I wrote some code that performs clustering in the GPU memory using dynamic parallelism. A single device thread controls the procedure and creates many other threads using cudaDeviceSynchronize() for synchronization.

The code works well on a V100 GPU producing repeatable results, every time it’s run on the same data the same results are produced (as expected). However, when the same code is run on a P100 (and on the same data) results are not repeatable. It would seem like thread synchronization is not working as expected (or as in the V100).

Is this a known issue?

What would be a good way to get to the root cause of such behavior?


It’s entirely possible to have different execution behavior (order) on different GPUs. If your code will produce different results for different orderings of operations, and you find that objectionable, then you would need to remove the possibility of variance from your code, or use a different algorithm/realization that is not sensitive to variation in processing order. This may have a significant negative performance impact on your code.

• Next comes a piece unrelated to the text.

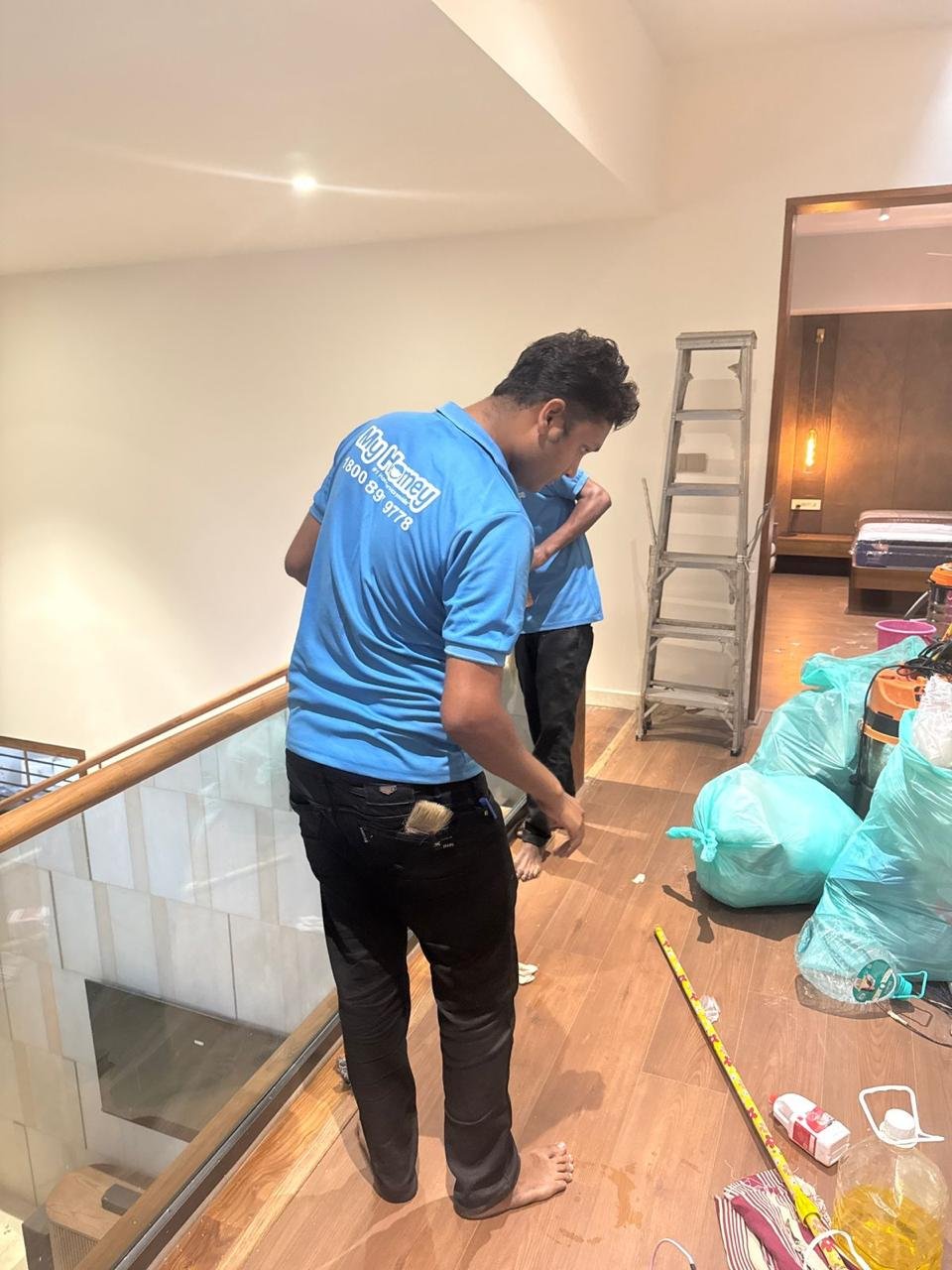 A cleaning team member during a post-renovation cleanup in a Kochi home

You should be able to use the profiler to confirm differences in execution order of kernels. If that is the case, you would need to study your algorithm for numerical behavior.

If you uncover no difference in execution behavior between two cases, then you should treat it as any other bug.

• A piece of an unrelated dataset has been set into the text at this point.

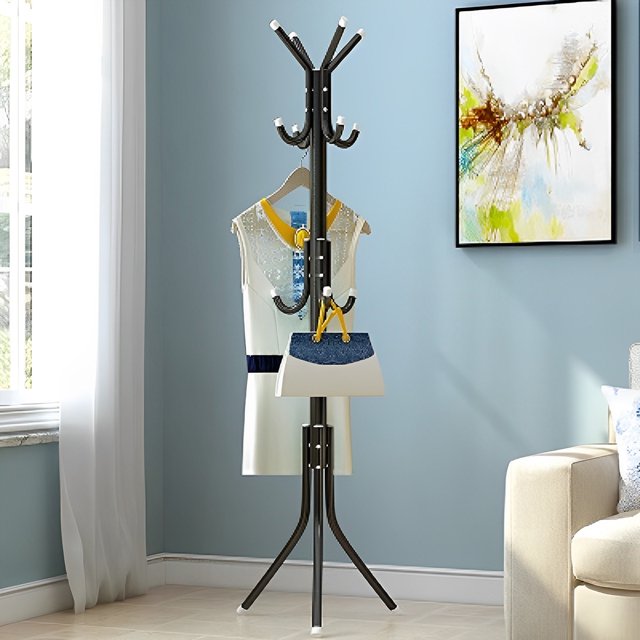 perchero de pie perchero de pie de metal perchero de pie independiente de 3 capas árbol de salón con 12 ganchos soporte para colgar ropa que ahorra espacio soporte multifuncional para bolso de mano pa Perchero de pie negro de metal con base de tres patas y diseño tipo árbol, vista frontal que muestra 12 ganchos en tres niveles y tapas plásticas en los extremos; sostiene un vestido y bolsos en una sala junto a un sofá y ventana. También suele usarse para organizar sombreros y carteras en pasillos o entradas.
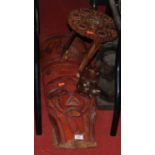 A large tribal style wall mask together with a Burmese carved occasional table, a carved hardwood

The CUDA programming model provides no guarantees of any sort of thread execution order or synchronization, other than those that you impose explicitly in your code.

Thanks for the reply.

The code should produce the same results regardless of different ordering of operations aside for operations that are explicitly synchronized. This is confirmed by execution on the V100.

So one question is: is it known that the P100 would behave any differently w.r.t. the V100 from the CUDA programmer perspective as it pertains to synchronization when using dynamic parallelism?

synchronization associated with dynamic parallelism should not be any different between P100 and V100.

I think the other claims you are making are suspect, but there’s little point arguing it based on the information provided here.

I have some crazy nondeterministic stuff going on, that didn’t occur in my laptop’s GPU but happened in the server’s GPUs. Solution: Now I call cudaDeviceSynchronize() every time after a call to a cublas, cusolver, etc., function, and the nondeterministic issue dissapeared! :) It made me really crazy and angry but aparently because those libraries use stream, then you can end using the content of a device pointer before the results have been written completely by those libs’ functions.